Ceux qui privilégient la voie du laisser-faire et de la facilité se rassurent en constatant le rapport de force électoral favorable au maintien de la Nouvelle-Calédonie dans la France, et ils crieront victoire au lendemain de la consultation.

Le paradoxe, c’est qu’ils sont convaincus que, le lendemain même de la consultation, les indépendantistes n’auront d’autre choix que de s’asseoir autour de la table pour négocier un nouvel accord. Se sont-ils seulement posé la question de savoir si les électeurs, qui se seront exprimés majoritairement pour l’appartenance à la République, admettront que de nouvelles négociations s’engagent avec les indépendantistes au lendemain d’une consultation gagnée ? La sanction sera tombée et le temps de la négociation sera passé.

Le camp du laisser-faire et de la facilité réunira, aussi, ceux des indépendantistes qui se réfugient, trop souvent, dans la lettre de l’accord, souvent par confort politique ou électoral, plutôt que de s’attacher à en faire vivre l’esprit. Ils contribueront à faire naître de faux espoirs, desquels naîtront de nouvelles frustrations au sein de leur jeunesse.

À l’inverse, la voie du destin commun en devenir, c’est le camp de la responsabilité. Il pourrait réunir ceux qui considèrent que nous n’avons pas signé les accords de Matignon et de Nouméa pour, trente ans plus tard, tout effacer d’un trait de plume et faire comme si rien ne s’était passé ; ceux qui considèrent que nous n’avons pas signé les accords de Matignon et de Nouméa pour rouvrir les vieilles blessures.

Vous l’aurez compris, madame la ministre, mes chers collègues, c’est le camp que je choisis, car j’ai l’ambition qu’un nouveau consensus se dégage autour d’un nouvel accord, inscrit cette fois-ci dans la durée. C’est la solution la plus sage, parce que la plus conforme à l’esprit des accords de Matignon et de Nouméa. Cette démarche devra s’engager, sans exclusive, sans préalable et elle devra s’étendre à l’ensemble des forces économiques, sociales et culturelles de la Nouvelle-Calédonie.

En ouvrant la voie à un nouvel accord, le Premier ministre nous a placés face à nos responsabilités.
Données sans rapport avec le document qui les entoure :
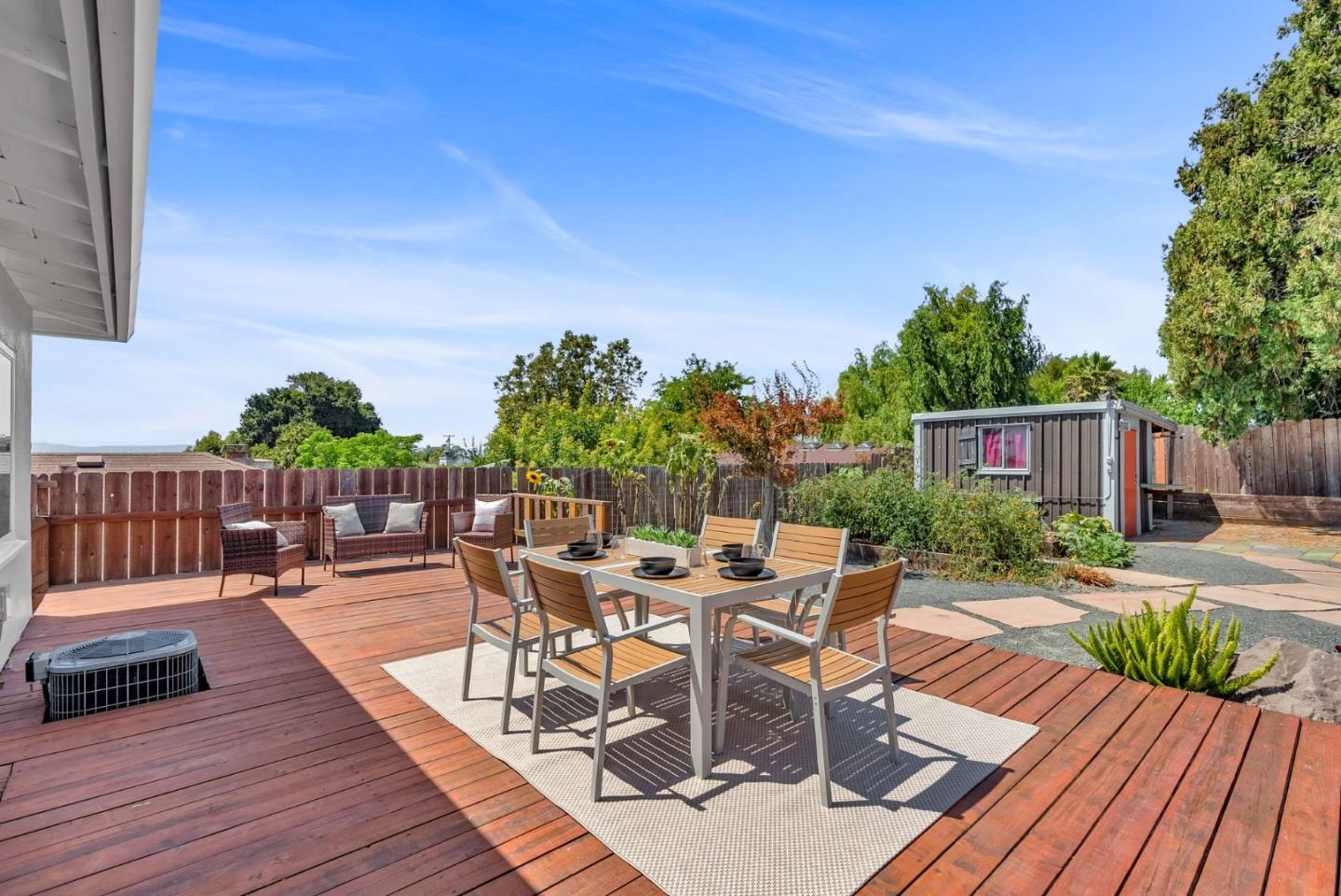 a view of a patio with table and chairs potted plants with wooden floor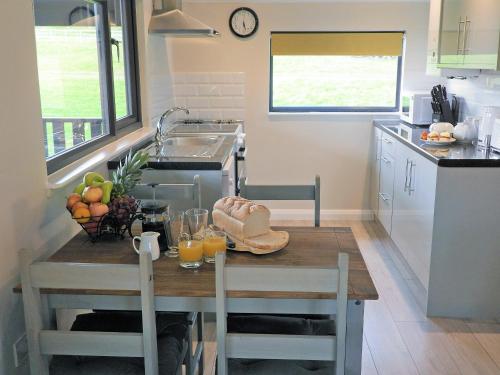 a kitchen with a table with a bowl of fruit and juice at Primrose Lodge - Uk13447 in Halwill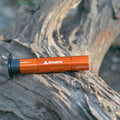 Granite Stash Tubeless Flat Tire Repair Kit in orange, resting on a textured tree bark.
Nous ne pourrons pas y échapper, car le processus du référendum est illusoire quand il prétend trancher brutalement ce qui doit être apaisé par le débat. Le combat à mener, en faveur de la paix et du dialogue, est le plus redoutable, parce qu’il est d’abord livré contre soi-même et qu’il suppose que l’on soit capable d’avancer vers l’autre, de le comprendre, dans les deux camps d’ailleurs. C’est toute la noblesse de l’engagement politique auquel je crois.

Il ne nous reste donc qu’à trouver nous-mêmes les voies de la sagesse pour construire notre destin commun, c’est-à-dire notre citoyenneté calédonienne dans la nation française. Nous devons compter sur nos propres forces, nos propres ressources, notre propre capacité à inventer un avenir à nul autre pareil.

Monsieur le président du Sénat, madame la ministre, mes chers collègues, pour la renommée de la France dans le Pacifique, pour être au rendez-vous des espoirs nés de la signature des accords par Michel Rocard, Jacques Lafleur et Jean-Marie Tjibaou, pour saluer la détermination de Lionel Jospin à imposer en 1998 la solution consensuelle de l’accord de Nouméa, pour honorer le discours du président Sarkozy lors de sa visite officielle en Nouvelle-Calédonie en 2011, pour que l’esprit du dernier comité des signataires, présidé par Manuel Valls, ne soit pas un espoir sans lendemain, je vous appelle à œuvrer aux conditions du consensus entre les forces politiques, afin de rendre possible ce qui est nécessaire.